Incluso cuando el fuego empieza de manera accidental, la pérdida de las
colecciones se siente como un duro golpe colectivo. No se sabe a ciencia
cierta qué inició el fuego en la Biblioteca de Los Ángeles en 1986,
como recuerda Orleans en su libro, pero la devastación del incendio, en
el que se perdieron fondos únicos, marcó a la ciudad. Como recuerda
Orleans, «en Senegal, la manera educada para decir que alguien se ha
muerto es indicar que su biblioteca ha ardido»
Pero
¿sirve realmente el fuego para eliminar ideas y, sobre todo, para
acabar con la circulación de libros? Si se piensa en esas hogueras en
las que ardían las propuestas luteranas y se reflexiona sobre qué
ocurrió después, cabe pensar que no. «La quema de libros es un poderoso
símbolo y, en términos prácticos, completamente ineficaz», escribe Emma
Smith.
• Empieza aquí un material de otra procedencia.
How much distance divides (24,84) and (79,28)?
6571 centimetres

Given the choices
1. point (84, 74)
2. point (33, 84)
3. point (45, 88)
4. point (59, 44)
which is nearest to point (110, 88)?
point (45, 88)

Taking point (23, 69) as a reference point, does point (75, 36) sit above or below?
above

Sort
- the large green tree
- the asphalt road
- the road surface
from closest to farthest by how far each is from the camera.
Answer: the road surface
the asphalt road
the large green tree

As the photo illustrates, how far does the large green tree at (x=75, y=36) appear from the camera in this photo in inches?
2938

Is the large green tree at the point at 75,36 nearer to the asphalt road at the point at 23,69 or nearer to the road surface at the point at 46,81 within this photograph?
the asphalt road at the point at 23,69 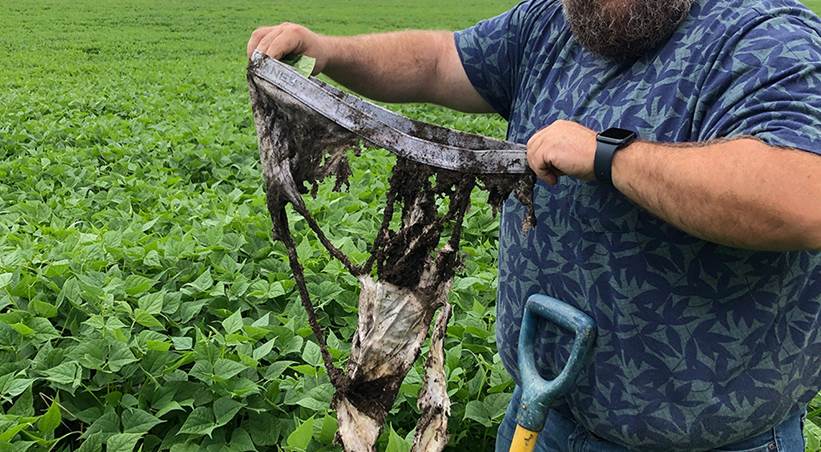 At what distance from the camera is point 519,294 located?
2.17m

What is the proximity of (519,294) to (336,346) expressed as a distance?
4.53 feet

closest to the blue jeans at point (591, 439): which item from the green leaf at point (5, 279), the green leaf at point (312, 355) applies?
the green leaf at point (312, 355)

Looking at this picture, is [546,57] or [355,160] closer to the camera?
[546,57]

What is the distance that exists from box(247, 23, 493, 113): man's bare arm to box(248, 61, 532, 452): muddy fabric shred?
22.3 inches

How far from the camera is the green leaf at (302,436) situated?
2.55 meters

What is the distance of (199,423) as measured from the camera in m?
2.86

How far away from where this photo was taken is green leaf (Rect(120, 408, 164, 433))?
9.19ft

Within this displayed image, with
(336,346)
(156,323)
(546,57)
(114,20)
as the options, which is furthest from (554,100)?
(114,20)

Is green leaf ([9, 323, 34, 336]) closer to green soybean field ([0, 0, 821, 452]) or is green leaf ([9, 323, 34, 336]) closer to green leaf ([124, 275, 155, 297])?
green soybean field ([0, 0, 821, 452])

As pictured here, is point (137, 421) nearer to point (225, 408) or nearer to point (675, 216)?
point (225, 408)

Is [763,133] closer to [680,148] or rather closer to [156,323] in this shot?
[680,148]

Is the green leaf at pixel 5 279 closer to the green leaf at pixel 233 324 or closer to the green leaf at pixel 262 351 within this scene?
the green leaf at pixel 233 324

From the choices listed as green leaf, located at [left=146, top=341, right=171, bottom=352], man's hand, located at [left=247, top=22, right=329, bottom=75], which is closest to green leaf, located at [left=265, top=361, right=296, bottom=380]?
green leaf, located at [left=146, top=341, right=171, bottom=352]

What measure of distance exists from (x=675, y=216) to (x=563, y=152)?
27cm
De hecho, si se siguen quemando libros –y lo hacen desde
conservadores a progresistas, como apunta la ensayista, recordando la
suerte reciente de los libros de Harry Potter de J.K. Rowling– no es
porque se espere que de ese modo desaparezcan para siempre de la faz de
la tierra esas palabras escritas, sino por el poder que tiene todavía la
imagen de los libros que arden. Para censurar los contenidos, por
desgracia, existen maneras más efectivas de borrar su peso (o incluso de
lograr que no lleguen a ser ni siquiera un libro).